You would think, wouldn't you?
August 19, 2007 at 9:18 AM
by Ashleigh
That I would have so much to say that this blog would be overflowing with the equivalent of verbal diarrhoea, but then in typed format. You would be wrong.
I've decided that as the quantity of extramural activities increases, the amount of time left over for reflection and self-absorption reduces exponentially.
So a 10% increase in outside activities leads to a 90% decrease in self-absorption.
Quite good really if you're a person who doesn't like to dwell. Not so good if you want to write.
So life got in the way. I guess I should tell you about it. Just highlights, otherwise we'll be here all day.
On Wednesday, I went to the physio and lo and behold, my ankle is healing. Absolutely incredible! A year of achilles tendonitis and finally, we have a solution.
I'm not sure if the solution has been the sexy support sock I now need to wear, or just a major change in my motivation, or my mental state, or hormones, or losing a bit of weight, or maybe Roger has magic hands. Maybe Roger should claim the official title of the 'Ankle-Whisperer'.
I don't know.
All I know is that it's getting better!
The reason that I can be 100% sure that it's getting better is that I made it to the gym twice this week and I did a full work-out and it hasn't hurt.
I'm not stopping the physio though. In May when I got back from France I was almost pain-free and I decided I didn't need to go anymore. Within a month it was back to painful hell.
On Wednesday and Thursday I was in Aalsmeer doing my flower class. It was great! I made some new friends, which is always good.
We had two days of instruction, with some of the most awful flowers I have ever had the misfortune to be in the same room with.
Nonetheless they were useful for teaching the technique. Mostly because they were so awful that if you didn't have a decent technique you would want to throw them away.
We made a spiral bound bouquet, a linear bouquet, and a thing in one of those metal holders. I say 'thing' because I'm not sure that anyone would ever want to make one of those from choice.
I'm now meant to decide if I want to do the professional course, which is every Thursday between now and May. It's quite costly and would mean I'd be working pretty much for free this year to cover the costs while I study.
Decisions, decisions.
Friday I took the kids to work with me, then we went to the Geitenboerderij to meet the lovely Nina and Chris and gorgeous Milla.
We had coffee, the kids played and then it started to rain and we had to leave. It was fun meeting them and hopefully we can do it again sometime.

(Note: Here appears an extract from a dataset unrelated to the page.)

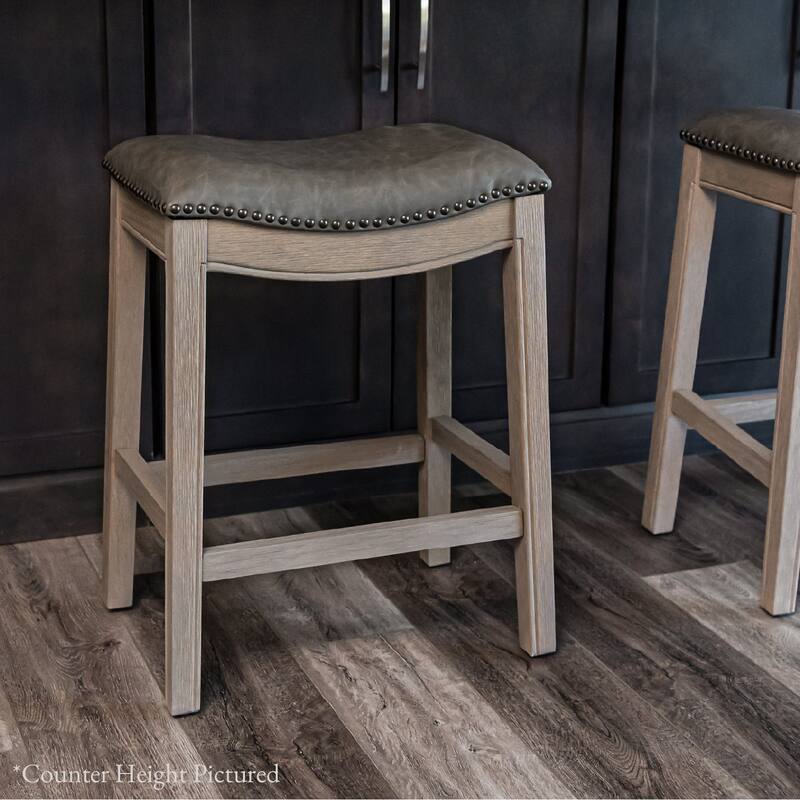 Maven Lane 31" Adrien Saddle Kitchen Bar Height Stool - N/A - Reclaimed Oak Vegan Leather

I got called in the afternoon from the after-care to tell me there is a place for the kids for Friday afternoons. The big question is whether I can get over my mommy-guilt and let them go to aftercare while I work on Fridays or if I'm going to succumb to my emotions and decide that I can't?
I know they're growing up and that one afternoon a week in the aftercare won't kill them and that they will, in fact, enjoy it immensely, but the guilt-monster is just behind me, waiting to eat me up. No-one told me that being a mom would mean I had guilt as my constant companion! I mentioned this to my mom last week and she said 'oh, yes and when they get older it gets worse.' It gets worse!? Can it actually get worse?!

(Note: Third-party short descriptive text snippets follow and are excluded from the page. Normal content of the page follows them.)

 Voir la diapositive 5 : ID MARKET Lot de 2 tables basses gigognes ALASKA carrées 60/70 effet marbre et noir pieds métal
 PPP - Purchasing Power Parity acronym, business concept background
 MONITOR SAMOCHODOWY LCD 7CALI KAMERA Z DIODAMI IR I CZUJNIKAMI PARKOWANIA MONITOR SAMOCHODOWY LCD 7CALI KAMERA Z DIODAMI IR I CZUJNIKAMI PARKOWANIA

Yesterday was Joe's birthday! My baby turned 5. Beautiful darling.
I worked in the morning and then in the afternoon we had a party! I'll write a separate entry about his special day.

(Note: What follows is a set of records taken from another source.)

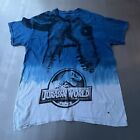 JURASSIC WORLD Park  Movie Giant T-Rex Blue White Tye Dye T Shirt Size Large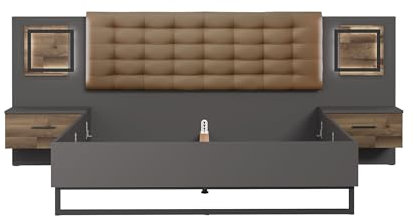 möbelando Bettanlage >Sirius Black< in Stabeiche Dekor/Grau, 306,5x120x209,9cm B/H/T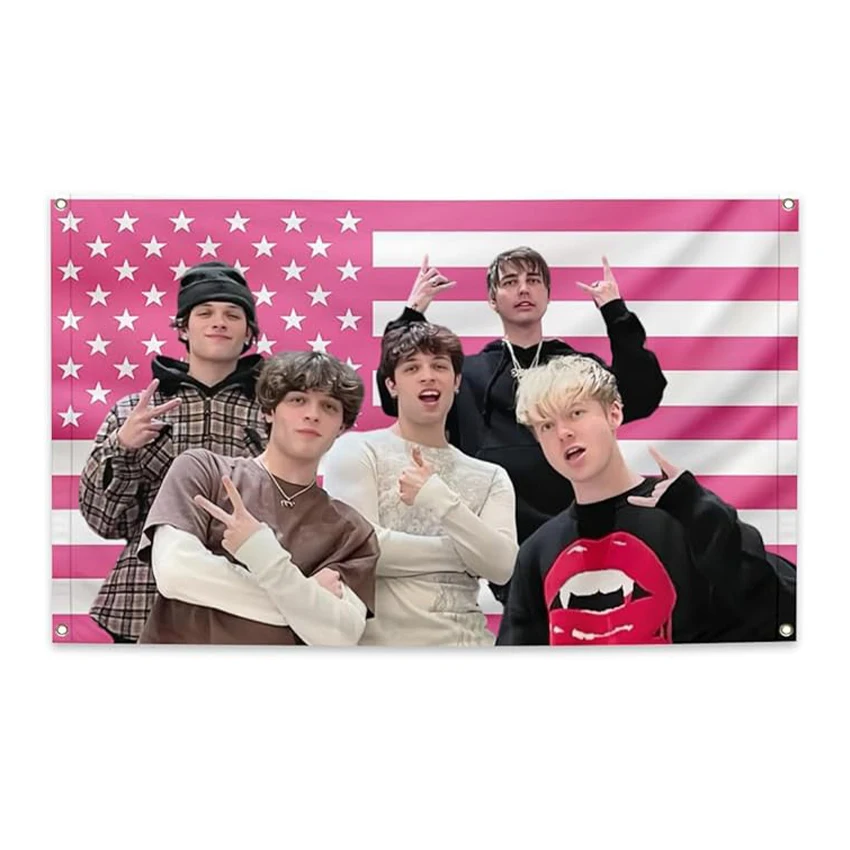 Colby and Sam 3x5 Ft Pink American Funny Flag with Dormitory Decoration Outdoor Party Courtyard Decoration 4 Grommets College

So you see, no time for self-absorption. For which I am sure at least half of my readers are eternally grateful.
Comments
You may call it self-absorption, but that's absolutely not how it comes across, Ash! I love your writing and look forward to your postings.
We had a great time yesterday - thanks again for having us! :)
Contemplate all you want, it is often quite recognizable.
Don't worry about the guilt ; you'll have it not matter what you do and you have to defend your decision to others (and yourself) no matter what you choose.
Go ahead and do it! Marjolein is right, spot on. And this comes from a Mom who always was afraid to go ahead, let guilt take the high way. You have the opportunity now and the means, so what's keeping you
Oh my... I can't wait for the photos from Joe's birthday!
Very glad to have met you in person. Your boys are so good looking - you should thank God I am over 20 years older :-))!
XXX
Sometimes it's great when life gets in the way of blogging and you're out there doing instead of writing about it.
I like it too when the lull comes and I can absorb the action and write about it.
Glad your ankle is better. They'll be fine in aftercare for an afternoon - don't worry...and will someone please tell me that, because I still suffer from that same old guilt thing too.
Grin, I remember I felt guilty when I stopped working after the birth of kid nr 2, because the oldest liked childcare so much.
I really feel for you and your ankle as I have been suffering in a similar way - what was thought to be tendonitis turned out to be bursitis (inflammation of the bursa under the Achilles tendon) and it has taken literally months to get better. And now I've got to build my calf muscle back up as it has faded away after months of hobbling around. Still on the bright side I'm now able to demonstrate(to a limited extent) drills in my netball classes! Good luck with your healing.

Whatever you have to say/write is interesting Ash!
Wish I had the prose to have continued my blog on but somehow life has a weird way of upsetting everything!